One area that students had problems was narrowing down the topic for their essay. Students were given broad topic areas and had to each choose a narrower topic to focus on. At that point she reviewed whether this was central to the aim of the class, or whether this was something that was providing an unneccessary barrier to confidence and development. Therefore she now gives more clearly defined topics, so they can focus on other important areas. This shows the need to review even those subjects or activities that you start by thinking is essential. The other change that she picked out was using e-portfolios, with different types of material included, such as class exercises, with more specific requirements for the reflective postings.
An article that Claire wrote a couple of years ago on this subject is:
McGuinness, C. (2007) "Using reflective journals to assess the research process." Reference services review, 35 (1), 21-40.
Photo by Sheila Webber: Tulips and pink forget-me-not in Cardiff today.

LILAC Day 2: Lesley Burger

There were two keynotes today, from Patricia Iannuzzi, Dean of Libraries at the University of Nevada, Las Vegas and Leslie Burger, who has been director of the Princeton Public Library since 1999. I'll make some notes about Patricia's talk in another post.

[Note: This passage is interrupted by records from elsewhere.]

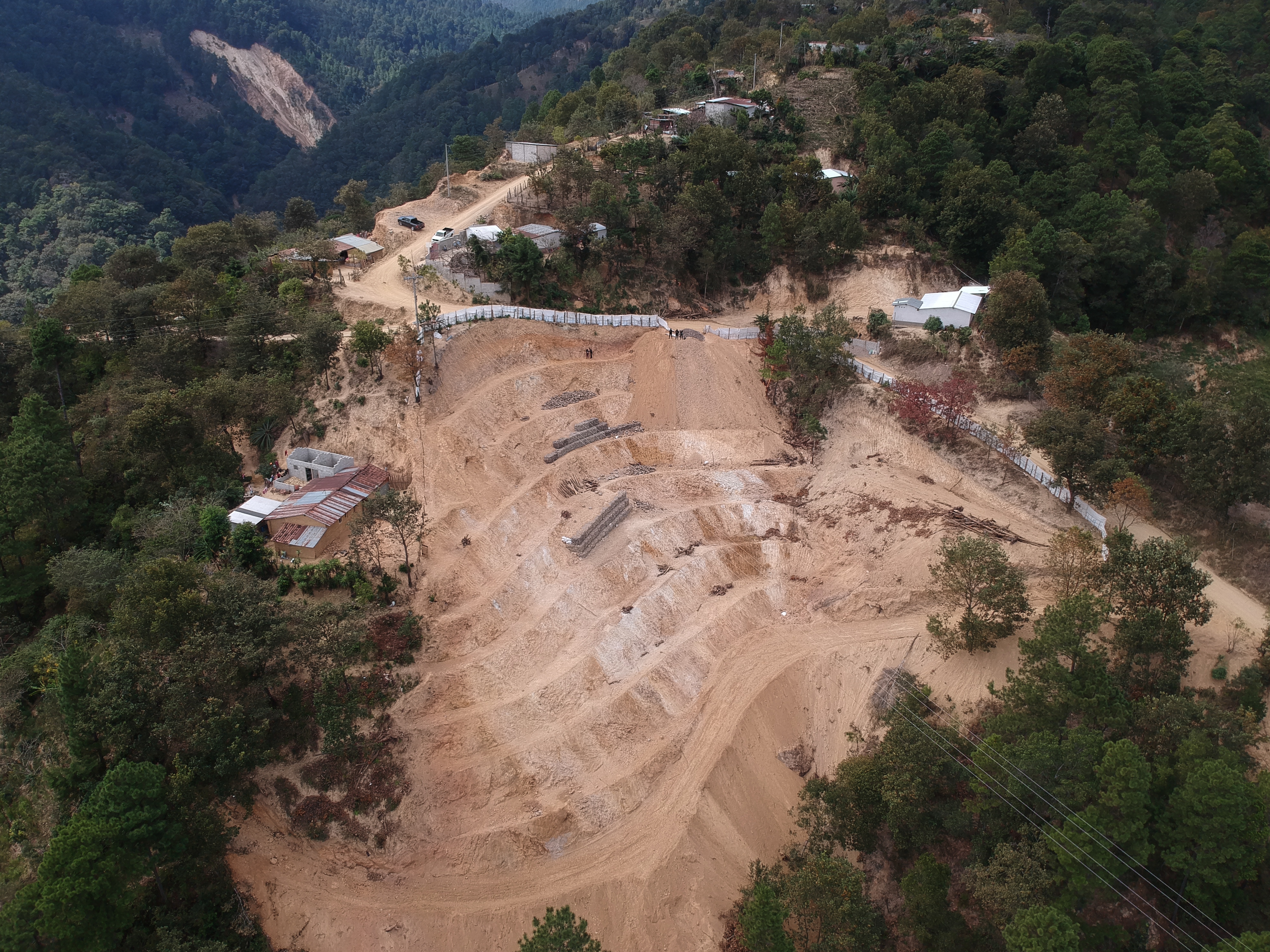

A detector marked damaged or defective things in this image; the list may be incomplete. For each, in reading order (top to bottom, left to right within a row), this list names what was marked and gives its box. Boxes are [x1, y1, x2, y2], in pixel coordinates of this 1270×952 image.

rusted corrugated metal roof [267, 467, 386, 530] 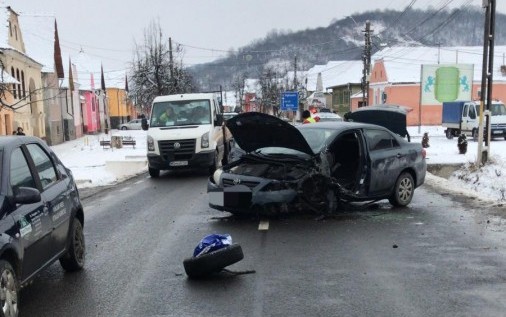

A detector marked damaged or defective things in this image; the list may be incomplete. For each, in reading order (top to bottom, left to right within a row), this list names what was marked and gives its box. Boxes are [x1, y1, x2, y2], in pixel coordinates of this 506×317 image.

severely damaged car [208, 111, 424, 215] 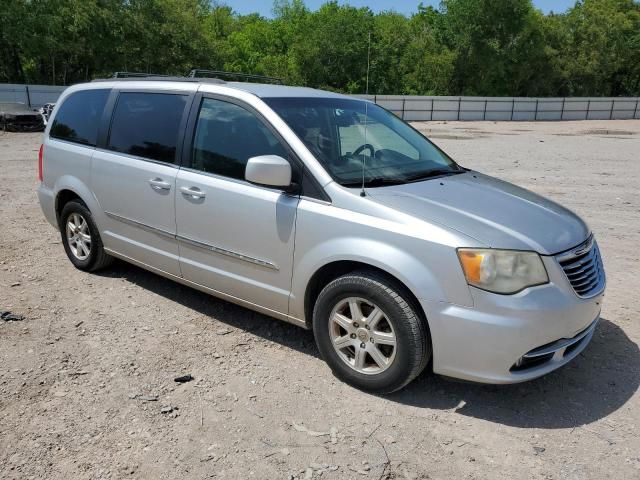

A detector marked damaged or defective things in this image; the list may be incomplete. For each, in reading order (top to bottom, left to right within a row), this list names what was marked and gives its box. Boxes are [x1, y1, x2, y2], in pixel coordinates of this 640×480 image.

damaged vehicle in background [0, 101, 45, 131] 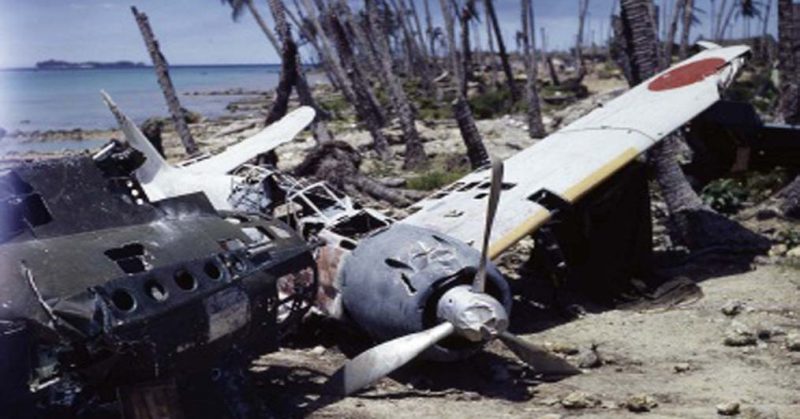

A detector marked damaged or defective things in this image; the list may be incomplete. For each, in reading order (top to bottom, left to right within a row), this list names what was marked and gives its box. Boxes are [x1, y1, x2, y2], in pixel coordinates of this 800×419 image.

bent wing [184, 106, 316, 177]
bent wing [404, 43, 752, 260]
damaged propeller [324, 159, 580, 398] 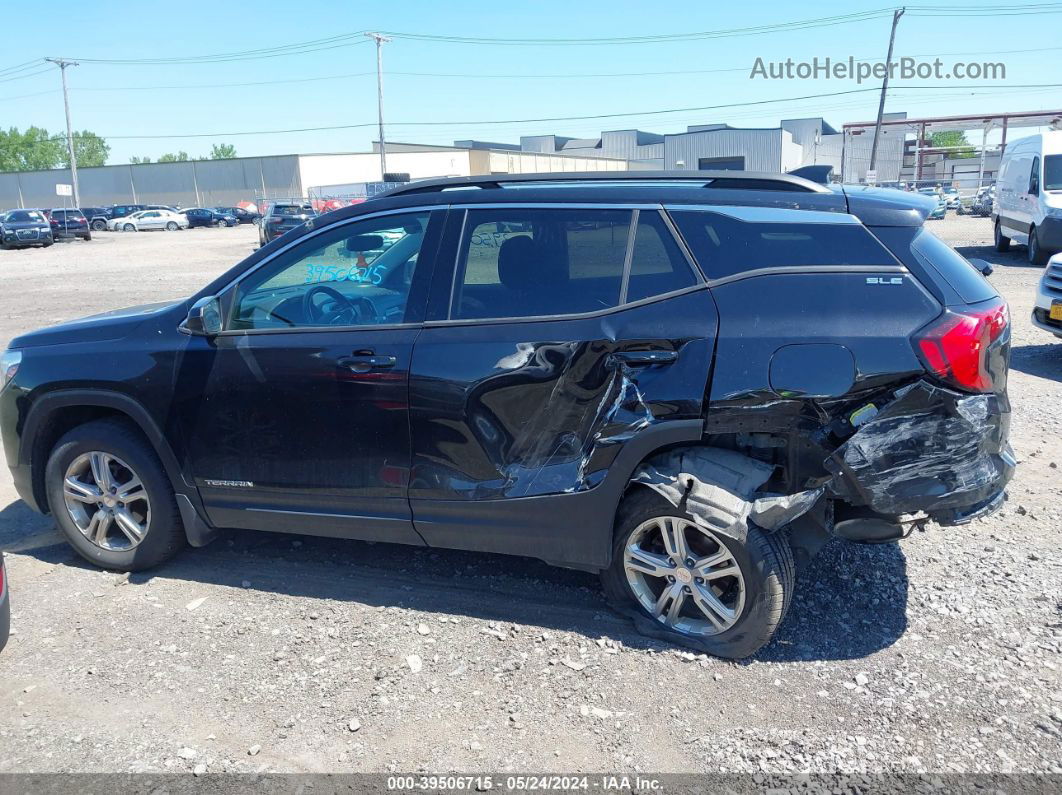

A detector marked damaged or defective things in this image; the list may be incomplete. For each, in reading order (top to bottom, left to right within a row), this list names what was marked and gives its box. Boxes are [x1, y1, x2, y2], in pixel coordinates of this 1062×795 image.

damaged rear quarter panel [409, 290, 717, 564]
crumpled rear bumper [824, 377, 1015, 520] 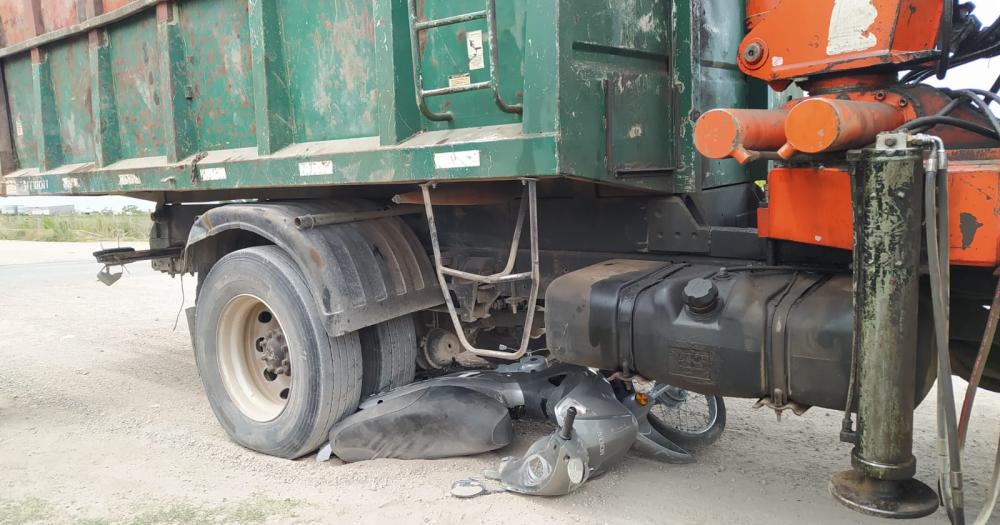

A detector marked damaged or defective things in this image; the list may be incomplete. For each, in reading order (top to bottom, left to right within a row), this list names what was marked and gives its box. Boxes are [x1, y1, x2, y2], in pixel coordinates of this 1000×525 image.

rusty green panel [2, 54, 37, 168]
rusty green panel [47, 36, 96, 165]
rusty green panel [108, 11, 164, 160]
rusty green panel [180, 0, 258, 151]
rusty green panel [276, 0, 376, 142]
rusty green panel [416, 0, 528, 130]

I missed some of Burger's talk, unfortunately, as I was testing things out for our Second Life session, but I did catch some of it. She was emphasising the role of public libraries, but also the need for school libraries and information literacy in schools. In the US this has been hindered by the closure of quite a number of school libraries, because of changes in education policy, pushing resources elsewhere.

She gave some examples of public libraries offering services supporting lifelong information literacy skills, including IT skills (Princeton have a Technology Center which offers a lot of training sessions). Burger highlighted that there is currently an enhanced role in helping the increased number of job seekers - for example people suddenly neding a job and out of touch with the need for online seeking and job application. In summary she emphasises monitoring trends in information consumption, Web 2.0 and so forth, the need to "market your heart out", making information seeking real fun, helping people solve real life problems (like helping people cope with the economic downturn and its impact on their lives), investing in technology, collaborating in the "village" (community you are in), and be in unexpected places (where people will be pleasantly surprised to see you).

Photo by Sheila Webber: haven't taken many in Cardiff yet, so this is another of Spring in Sheffield

LILAC conference

Monday was the first day of the UK's LILAC conference, the UK's main information literacy conference. I arrived a bit late, as I had been involved in moderating sessions in a big education conference in Second Life at the weekend, which had gone on rather late (since most of the rest of the organising committee were from North America). Anyway, I missed the opening keynote, but may be able to pick up some views on that elsewhere. (Just seen a good long post about it from Sarah Cohen here: she is doing numerous posts at the Sheck Spot http://thesheckspot.blogspot.com/)
The conference website is here, the conference is in Cardiff, and there are several tracks on at once so it is hard to choose! My choices this afternoon were:
Christopher Walker, talking about his PhD research into parents' use and understanding of information. It is a qualitative study, involving interviews with parents from a mix of socio-economic groups. Christopher has done the interviews and transcription, and he is analysing the data.
Various themes are emerging (the analysis is not finished yet) including the importance of trusting the source - or choosing someone you trust (it is often a person) as a source of information (rather than going to a book or un-known/un-trusted expert). "The system" (e.g. finding your way through the health system to get you child care) is a hindrance and causes fear - a divide emerges between the professionals who can and do use their knowledge and contacts to get on top of the system, and those from lower socio-economic classes who don't/can't.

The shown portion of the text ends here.